Syrian Refugees Darko Vojinovic AP
Darko Vojinovic/AP

This morning’s key headlines from GenerationalDynamics.com

  • Children in Calais and Dunkirk refugee camps forced into rape, prostitution
  • Médecins Sans Frontières announces it will reject further European aid

Children in Calais and Dunkirk refugee camps forced into rape, prostitution

People demonstrate in support of refugees in Athens on Thursday (Guardian)
People demonstrate in support of refugees in Athens on Thursday (Guardian)

A report by Unicef has found that sexual exploitation of children living in refugee camps in northern France is common on a daily basis. Many young boys are raped, and many young girls are raped and forced into prostitution.

The study was based on interviews with 60 unaccompanied children aged from 11 to 17 between January and April. There are 500 unaccompanied children in camps in Calais and Dunkirk at the end of March.

Many of them have family members in the UK who are waiting for them to arrive. However, processing of children has been very slow, and only 30 of the 500 unaccompanied children have so far been brought to the UK.

In order to reach France, human traffickers have already charged them $3,000 to $12,000. They are forced to pay an “entry fee” before they are allowed to live in the camps. Once in the camp, traffickers are charging another $6,000 to cross the channel into Britain, a higher price than ever before.

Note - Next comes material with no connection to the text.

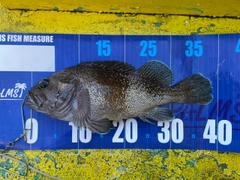 クロソイの釣果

The Unicef report quotes one 16-year-old girl as saying “I know that if I pay or offer sex, I will cross more quickly. I have been asked to do this. It’s hard to say no.” A boy says that he was “gassed and beaten here” in France.

For these unaccompanied children, there is little protection from the cold and no access to schooling, and they are subjected to sexual exploitation, violence and forced labor on a daily basis. There’s also evidence that they’re being forced to commit crimes.

Unicef is demanding that, at the very least, unaccompanied children with families in the UK should be processed more quickly and allowed to travel to their families.

This is an explosive situation. On the one hand, you have a massive humanitarian disaster involving children on a daily basis, in one modern, developed country, France, wishing to travel to another modern, developed country, Britain, to see their families. On the other hand, you have European populations in Europe that are increasingly resistant to allowing refugees into their countries under any circumstances whatsoever. This situation will not change if the “Brexit” referendum passes, and Britain leaves Europe, and almost certainly will worsen, because France will no longer be under any obligation to prevent refugees in Calais from crossing the Channel to Britain.

Those who don’t like these conclusions shouldn’t blame me. Think of me as the weatherman. I’m not saying whether the category 5 hurricane is good or bad, but I’m only telling you that it’s coming. There is no happy ending to this crisis. Unicef and Christian Today and Belfast Telegraph

Médecins Sans Frontières announces it will reject further European aid

In a move that my mother would probably have called “cutting off your nose to spite your face,” the international aid organization Médecins Sans Frontières (MSF – Doctors without Borders) announced on Friday that they will no longer accept money from the European Union because of its “shameful” response to the refugee crisis, especially as the EU-Turkey refugee deal is being implemented.

According to International Secretary General Jerome Oberreit:

For months MSF has spoken out about a shameful European response focused on deterrence rather than providing people with the assistance and protection they need. The EU-Turkey deal goes one step further and has placed the very concept of “refugee” and the protection it offers in danger. […]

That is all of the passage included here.